Simpler Diffusion (SiD2): 1.5 FID on ImageNet512 with pixel-space diffusion (2410.19324v1)

Abstract: Latent diffusion models have become the popular choice for scaling up diffusion models for high resolution image synthesis. Compared to pixel-space models that are trained end-to-end, latent models are perceived to be more efficient and to produce higher image quality at high resolution. Here we challenge these notions, and show that pixel-space models can in fact be very competitive to latent approaches both in quality and efficiency, achieving 1.5 FID on ImageNet512 and new SOTA results on ImageNet128 and ImageNet256. We present a simple recipe for scaling end-to-end pixel-space diffusion models to high resolutions. 1: Use the sigmoid loss (Kingma & Gao, 2023) with our prescribed hyper-parameters. 2: Use our simplified memory-efficient architecture with fewer skip-connections. 3: Scale the model to favor processing the image at high resolution with fewer parameters, rather than using more parameters but at a lower resolution. When combining these three steps with recently proposed tricks like guidance intervals, we obtain a family of pixel-space diffusion models we call Simple Diffusion v2 (SiD2).
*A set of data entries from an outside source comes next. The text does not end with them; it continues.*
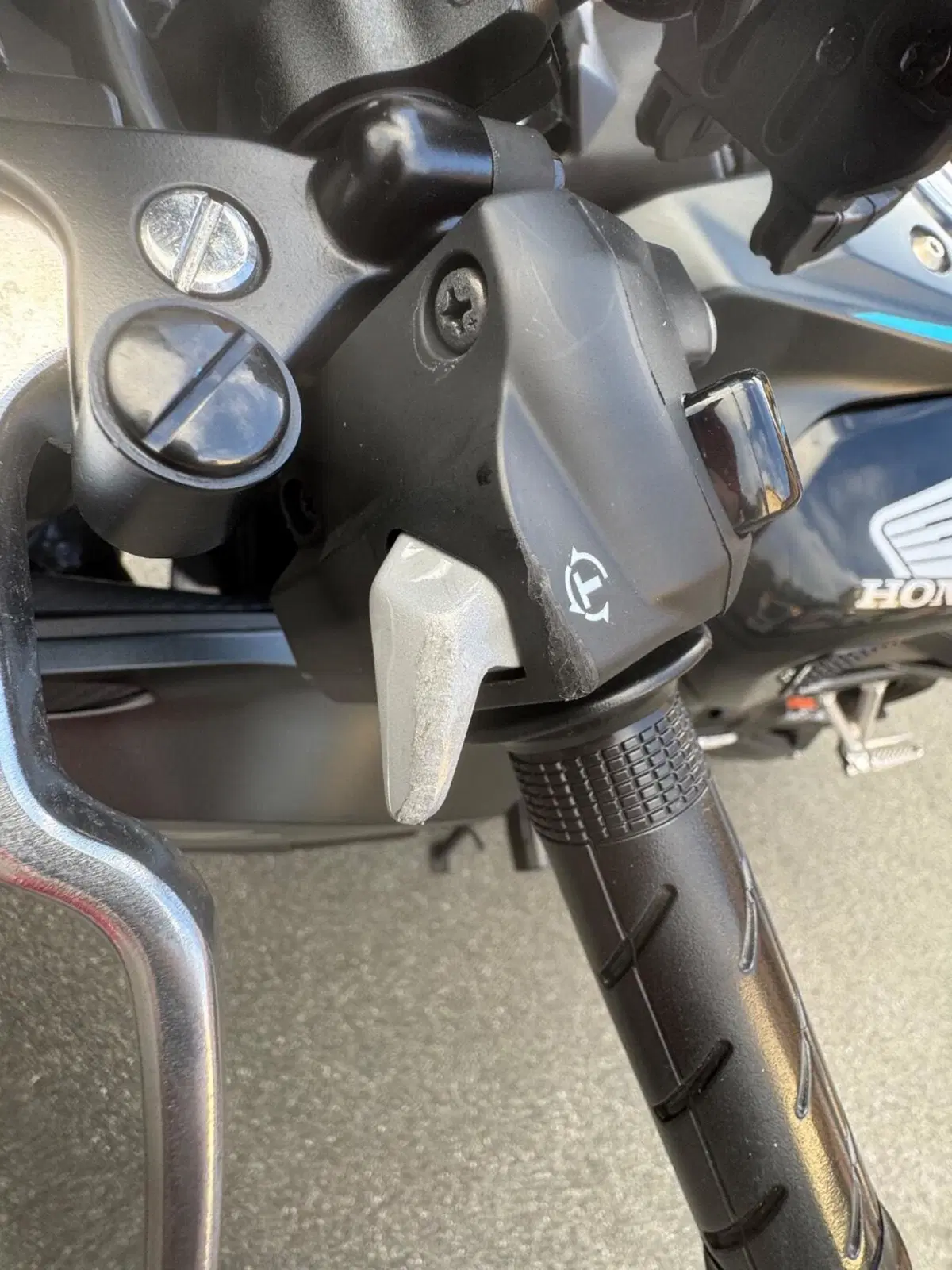 Honda CBR 650 R (2021 - 23) (5)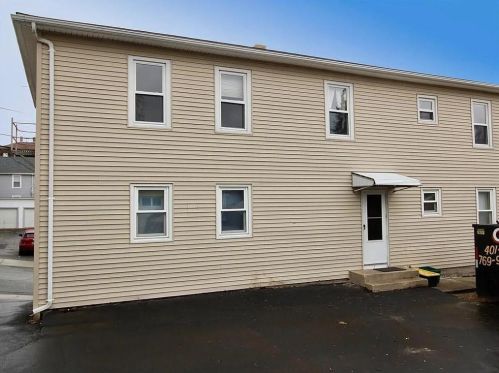 68 Summer St, Lincoln, RI 02838-1311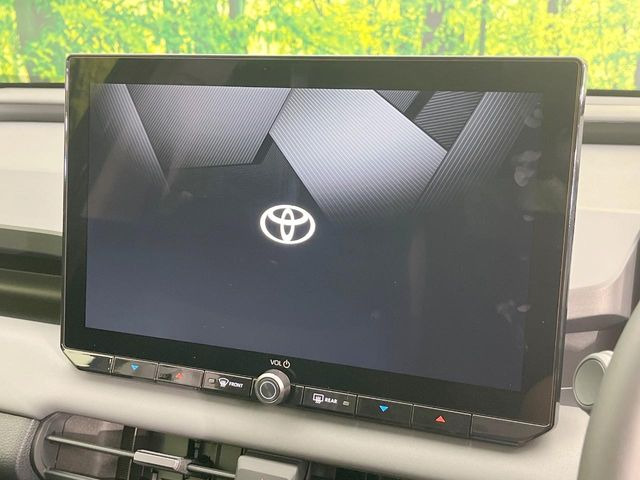 �y12.9�C���` �f�B�X�v���C�I�[�f�B�I�z���ʂ̃f�B�X�v���C��AppleCarPlay��AndroidAuto�����p�\�B�傫�ȉ�ʂŃX�}�z�i�r�A�v���������p���������܂���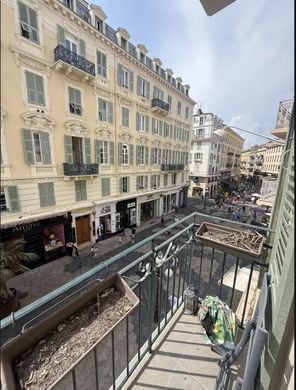 ニース, Alpes-Maritimesのアパートメント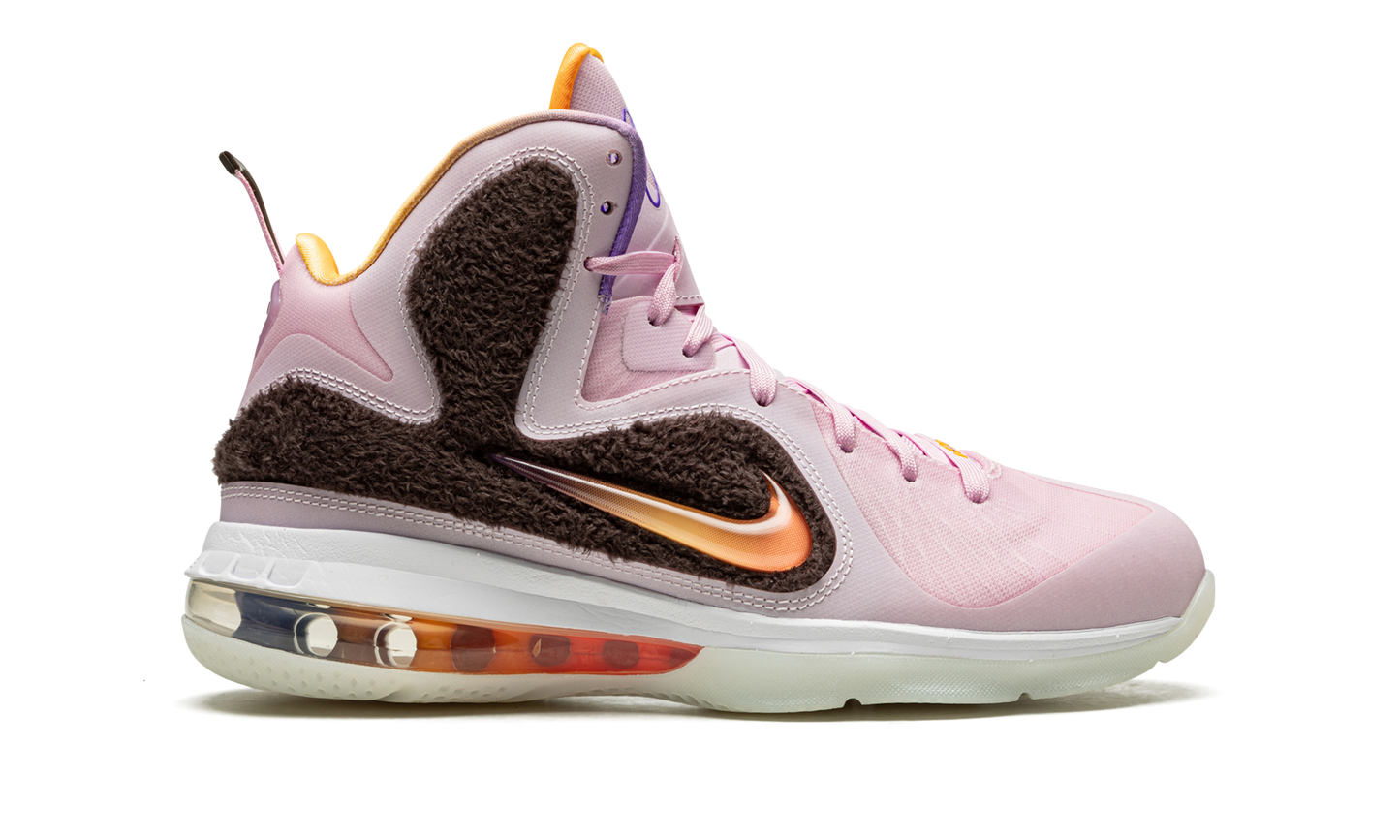 LeBron 9 "King of LA (2022)" DJ3908 600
Overview of "Simpler Diffusion (SiD2): 1.5 FID on ImageNet512 with Pixel-Space Diffusion"

This paper challenges common perceptions regarding the efficiency and quality of latent diffusion models in high-resolution image synthesis by proposing an enhanced method for training end-to-end pixel-space diffusion models. The authors introduce a novel approach, resulting in a significant improvement over existing pixel-space models, achieving notable results such as a 1.5 FID on ImageNet512 and setting new state-of-the-art results on ImageNet128 and ImageNet256.

Key Contributions

The authors present three primary innovations:

1. Sigmoid Loss Function with Tuned Hyperparameters: By revisiting and refining the sigmoid loss from previous work, the authors demonstrate that pixel-space models can achieve improved performance compared to EDM-monotonic weightings, especially when balancing the shift of the sigmoid function with the resolution of the images being processed.
2. Flop Heavy Model Scaling: This involves reducing the patching size of the input rather than expanding the model's parameters or processing at lower resolutions. This approach ensures that the model is more computation-heavy rather than parameter-heavy, improving regularization, and allows for efficient fine-tuning from smaller resolutions without additional parameters.
3. Simplified Residual U-ViTs Architecture: By removing blockwise skip-connections and replacing them with single residual connections for each downsampling operation, the model simplifies its architecture and reduces memory consumption without sacrificing performance. This is particularly beneficial in larger models where skip-connections are less crucial.

Results and Comparisons

In terms of performance, SiD2 has surpassed other models in specific image resolutions. For ImageNet128 and ImageNet256, it achieves state-of-the-art FID scores, while on ImageNet512, it remains competitive with the best latent diffusion models like EDM2. The SiD2 model significantly reduces training computational requirements compared to its predecessors, while maintaining a high quality in image generation.

Implications and Future Directions

The implications of this work are twofold. Practically, it demonstrates that end-to-end pixel-space diffusion models can rival latent models in terms of quality and efficiency. This could alleviate the need for separate autoencoder training in many applications, facilitating a more streamlined approach to diffusion model training.

Theoretically, the work highlights that significant gains can be achieved by re-examining and simplifying existing model architectures and loss functions. One potential future direction could involve further exploration of the interactions between model architecture choices and loss functions to discover new paths for reducing computational overhead while maintaining or improving model accuracy and efficiency in high-resolution settings.

Overall, this research points towards a promising avenue in the pursuit of more efficient and high-quality diffusion models without relying heavily on latent variable architectures.